EU freezes out UK bid to change life insurers' capital rules before Brexit
3 August 2017. By Hugo Coelho
A UK bid to ease controversial capital rules for insurers is being sidelined by EU regulators, MLex has learned.
British authorities are seeking a revamp of capital calculations for life insurers that they blame for disrupting annuity markets and threatening financial stability.
But EU authorities have disregarded Bank of England proposals to achieve this in initial plans to review implementing regulations in the bloc's insurance law, known as Solvency II, ahead of Brexit.
At issue is the formula to determine the "risk margin," an additional layer of capital that insurers must hold in excess of reserves.
The required buffer has more than doubled the capital that some UK annuity providers have to set aside against policies they sell, and has proven highly volatile.
Industry leaders have blamed it for pushing insurance companies out of the annuity market or forcing them to offload risks to reinsurers abroad. Regulators also fear that it could make any future financial crisis worse.
The Prudential Regulation Authority, the BOE's supervisory arm, called the formula to calculate the margin "fundamentally flawed" in February.

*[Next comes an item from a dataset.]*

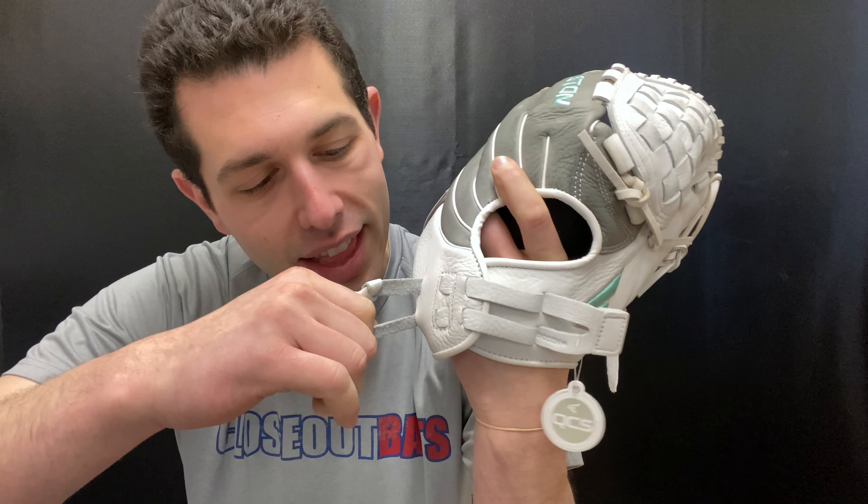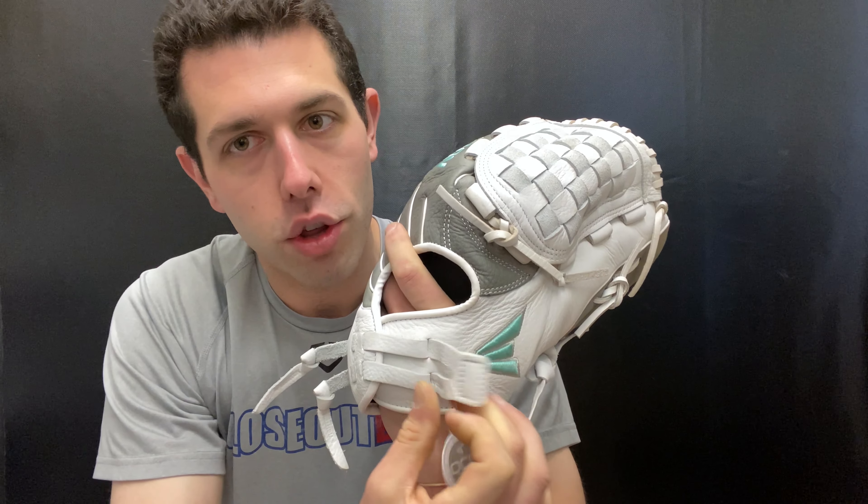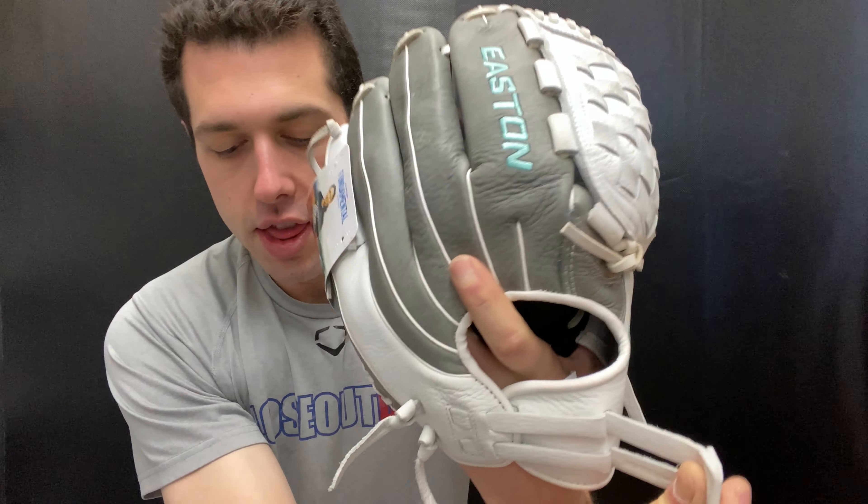Where they know exactly where they're playing would use a glove like this. What's great about this Fundamental series is the colorway — a very neutral-looking glove with white, gray, and teal, which is a very popular color in both baseball and softball. This one also has the quantum closure system, so to tighten things up you pull these right here, and to loosen it you pull out like this.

PRA Chief Executive Sam Woods told lawmakers on the Parliament's Treasury Committee that amending it was the authority's priority in EU discussions on the review of the rules, due by the end of 2018.
Too big a change
But the EU's insurance and pensions regulator has largely ignored UK proposals in the initial stages of its work, a document seen by MLex reveals.
The European Insurance and Occupational Pensions Authority is tasked with advising the European Commission, which holds the power to make changes to regulations that implement the Solvency II law.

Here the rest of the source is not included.